W Klimontowie zostaną przeprowadzone ponowne wybory. Taką decyzję podjął Sąd Okręgowy w Kielcach, który rozpatrywał protest wyborczy z tej gminy. Jan Klocek, rzecznik instytucji tłumaczy, że w jednym z okręgów nieprawidłowo wydano ponad 20 kart do głosowania. W jednym lokalu odbywało się głosowanie do kilku okręgów i wyborcom wydano złe dokumenty.
Przypomnijmy, po wyborach samorządowych, do Sądu Okręgowego w Kielcach wpłynęło 18 protestów. W 4 przypadkach stwierdzono, że w czasie wyborów doszło do nieprawidłowości. Chodzi o Klimontów, Wólkę Milanowską, Sitkówkę-Nowiny i Szczerbaków. We wszystkich przypadkach decyzje są jeszcze nieprawomocne. Strony mogą zaskarżyć je do Sądu Apelacyjnego w Krakowie.

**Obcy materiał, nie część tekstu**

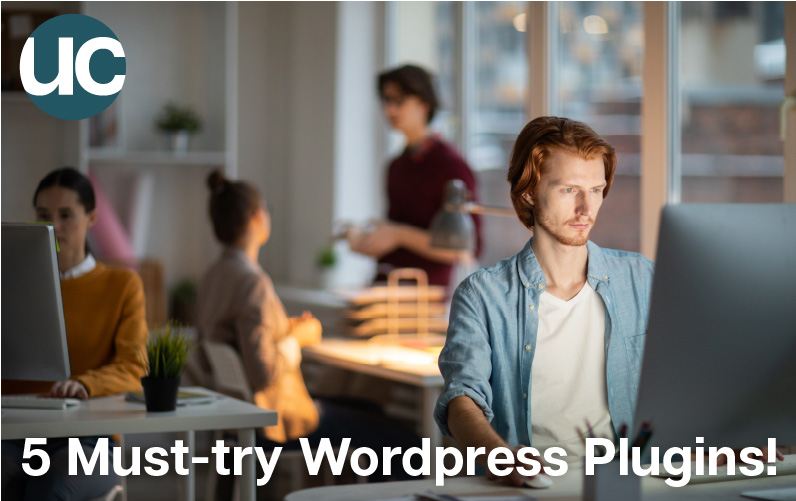 5 Must-try Wordpress Plugins! Featured Image: A man with red hair sits in a dark corner of the office on his computer looking at different wordpress plugins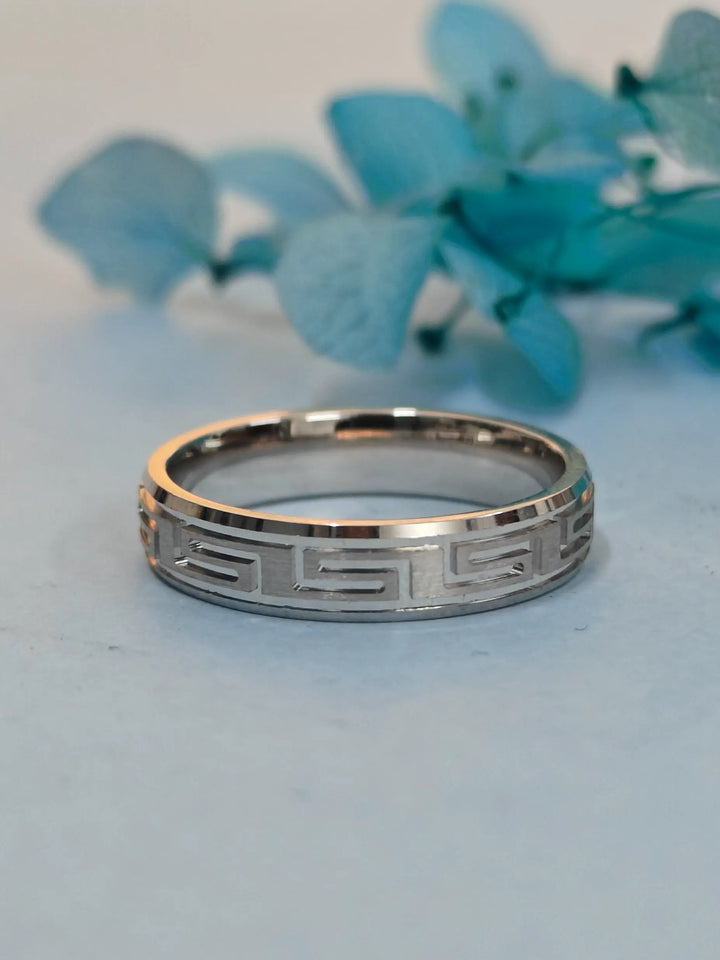 Silver ring with Greek key design on a light blue background with teal flowers.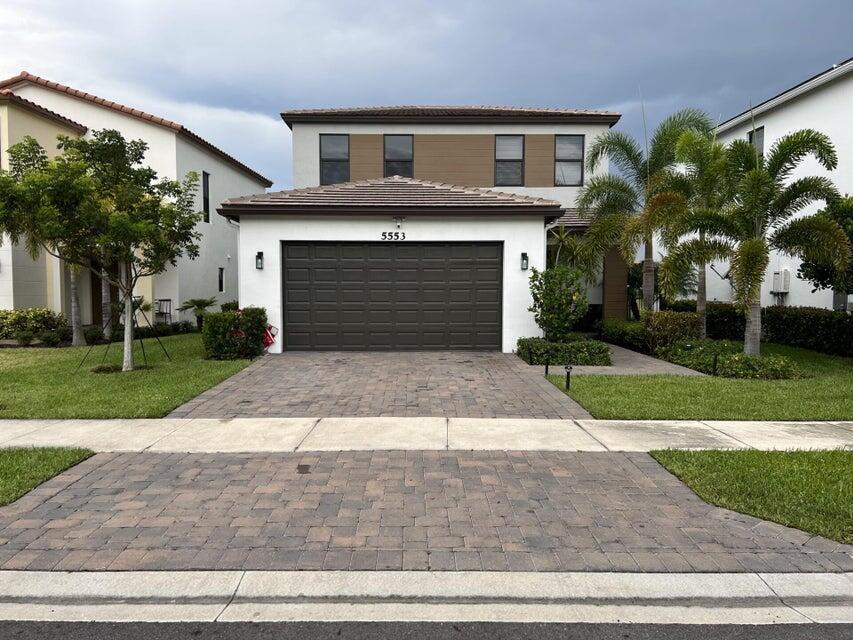 Available from Nov 5. $500 off first month incentive. Wake up to panoramic lake views in Sky Cove waterfront Seaview model! This modern 3bedroom (with two masters), 3.5 bath home offers a serene retreat and an entertainer's paradise in one. Upgraded kitchen featuring quartz countertops and dual level tile flooring, attached 2 car garage, fully fenced yard, extended paver patio, and space to lounge or gather, where lakeside sunsets become part of your everyday routine. Plus, the home is built with upgraded impact windows for added safety and efficiency.Sky Cove HOA brings resort style amenities: adult and kiddie pools, a fitness center, walking/jogging trails, parks, and full-service management. Endless family fun awaits at Westlake Adventure Park just a stroll from your front door.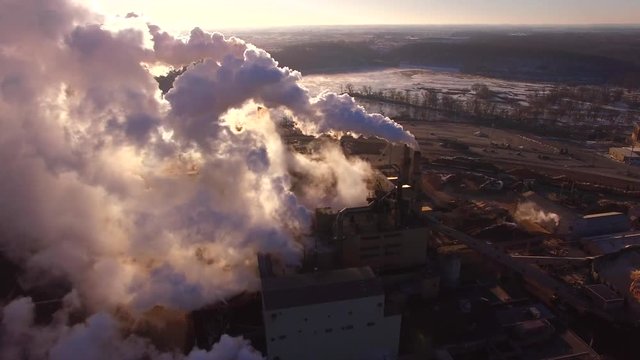 Factory smokestacks steaming and smoking, stunningly illuminated by the cold Winter sunrise, breathtaking aerial view.
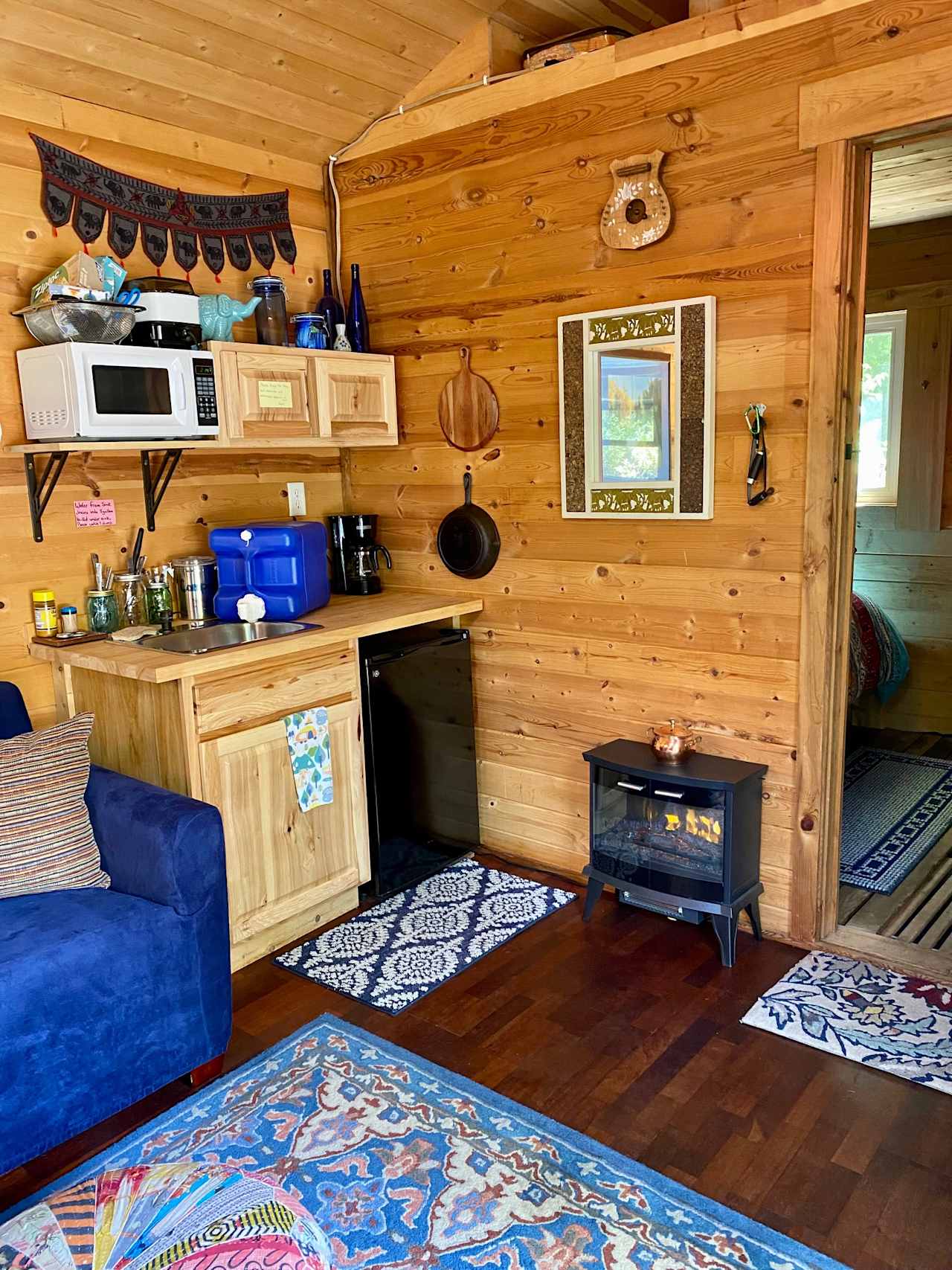 Small kitchen area with electric heater/fireplace.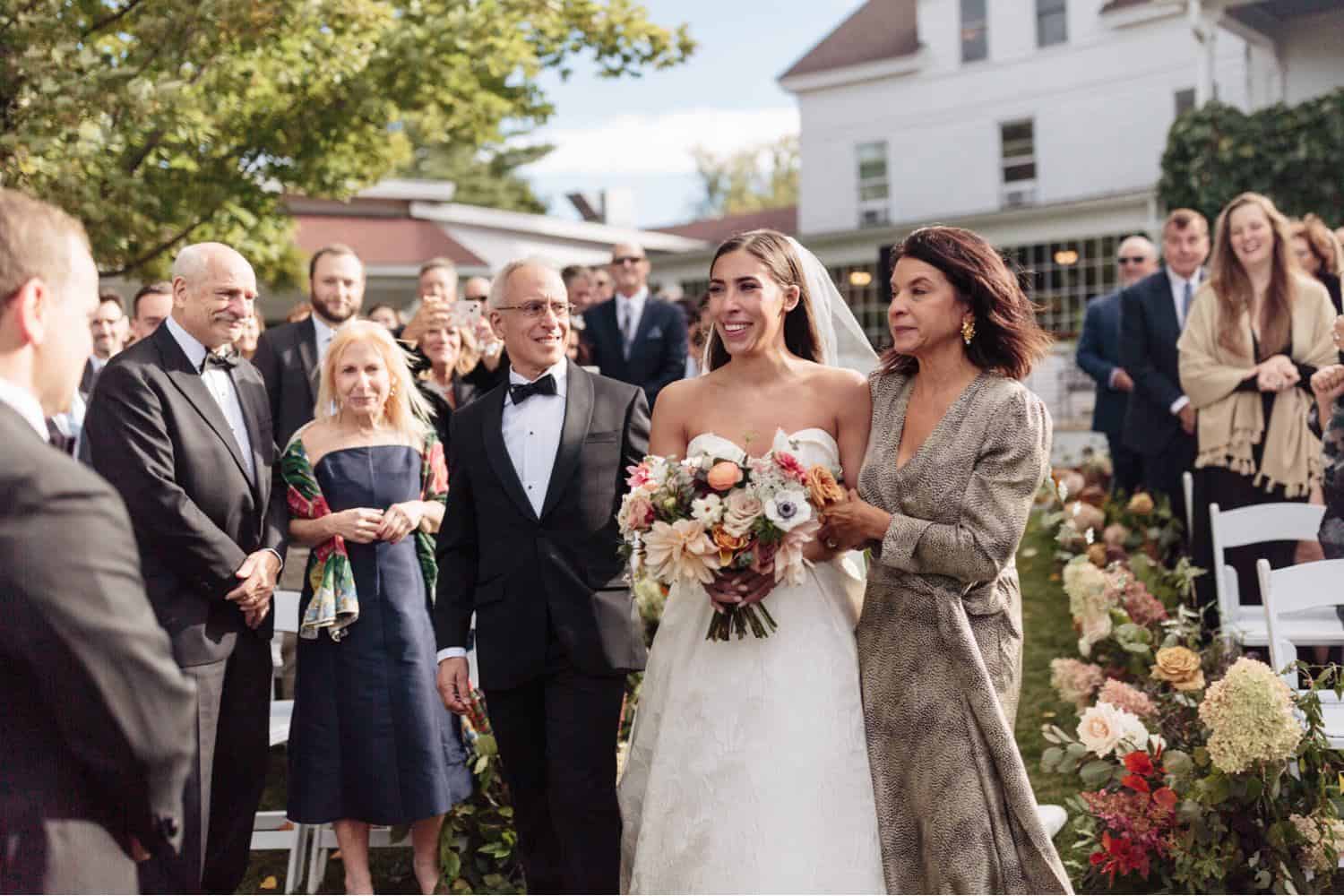 Vermont film wedding photography by The Light + Color. Apotheca Florals at Basin Harbor Wedding in Vergennes, VT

W Szczerbakowie w gminie Wiślica były dwa głosy różnicy między kandydatami. W dniu wyborów dopisano do listy dwie osoby, jednak jak się później okazało, nie mogły głosować w tym okręgu. Z kolei w gminie Sitkówka-Nowiny sąd postanowił wygasić mandat radnej Haliny Musiał, która także wygrała różnicą dwóch głosów. Jak się okazało w jednym lokalu odbywało się głosowanie do dwóch okręgów wyborczych i komisja omyłkowo wydała dwie karty do głosowania z innego okręgu.
W Wólce Milanowskiej w gminie Nowa Słupia, dwoje radnych miało taką samą liczbę głosów. Zgodnie z prawem zarządzono losowanie, w którym wygrała jedna z kandydatek. Jej kontrkandydat wniósł jednak protest wyborczy. Wskazał w nim, że komisja przy liczeniu, uznała trzy karty za nieważne. Tymczasem w jego opinii, jedna z nich wskazująca na niego została poprawnie skreślona. Sąd doszedł do przekonania, że miało to wpływ na końcowy wynik.
W poprzednich wyborach samorządowych do kieleckiego sądu wpłynęło około 30 protestów, czyli o prawie połowę więcej niż obecnie. Na razie nie wiadomo kiedy odbędą się powtórne wybory. Po uprawomocnieniu się wyroków o ich terminie zdecyduje komisarz wyborczy.